Ce qui m’épate toujours, c’est qu’une première phrase comme “Longtemps je me suis couché de bonne heure” entraîne les milliers qui suivent. Comment cela fonctionne-t-il ? De quoi naissent les oeuvres?
Moi aussi je crois que j’aimerais écrire.
…
Rien ne t’en empêche,(…). Il faut te lancer, voilà tout. Même si on croit ne pas avoir grand-chose à raconter, le plus souvent c’est le fait même d’écrire qui génère l’histoire. c’est comme un processus qui s’autoalimente.Je crois que j’ai de l’imagination (…), c’est toujours ça. Mais ça ne suffit pas, n’est-ce pas ?
Non, ça ne suffit pas,(…). Le produit de l’imagination ne donne pas forcément de la littérature. Et du reste il existe de la bonne littérature très peu imaginative. Mais enfin ce n’est pas non plus antinomique. tout coexiste, je crois.

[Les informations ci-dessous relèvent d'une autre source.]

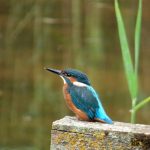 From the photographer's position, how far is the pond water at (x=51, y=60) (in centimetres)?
723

Ce qui me plaît dans ce dialogue c’est l’idée de l’écriture qui s’autoalimente. Autant dire que dès qu’on a la première phrase, une bonne première phrase du genre “Longtemps je me suis couché de bonne heure.”, la suite vient. Plutôt rassurant pour ceux qui n’ont pas d’imagination, ou plutôt qui n’ont pas ficelé leur roman dans leur tête avant de le mettre sur le papier (ou plutôt sur l’écran de l’ordinateur).
L’imagination est à ne pas confondre avec l’inspiration. Antonio Tabucchi faisait dire à ses personnages :
J’aimais peindre mais je n’avais rien à peindre, enfin, je n’avais pas d’inspiration, l’inspiration est fondamentale pour peindre.
C’est certain, (…) sans inspiration la peinture n’est rien, et les autres arts non plus.
Si l’inspiration, c’était cette fameuse première phrase ? Même si celle-ci est déplacée, effacée par la suite, elle permet d’enclencher le processus d’autoalimentation dont parle Christian Garcin.
Juste un mot pour parler de ce foisonnant roman La Piste mongole et un petit clin à notre sujet. Celui-ci est fait d’une multitudes de romans qui s’entremêlent. Combien de premières phrases ?
Bien sûr, il y en a une, réelle, définitive, imprimée :
Nous étions debout à l’entrée de la yourte, silencieux, à regarder la jeune femme environnée de fumée qui parlait vite, les yeux fermés, d’une voix monocorde, tandis que la vieille au long nez, assise face à elle et penchée en avant, l’écoutait avec attention, ne l’interrompant qu’à une ou deux reprises, et à tout cela je n’entendais évidemment rien.
J’aurais pu la proposer pour le jeu.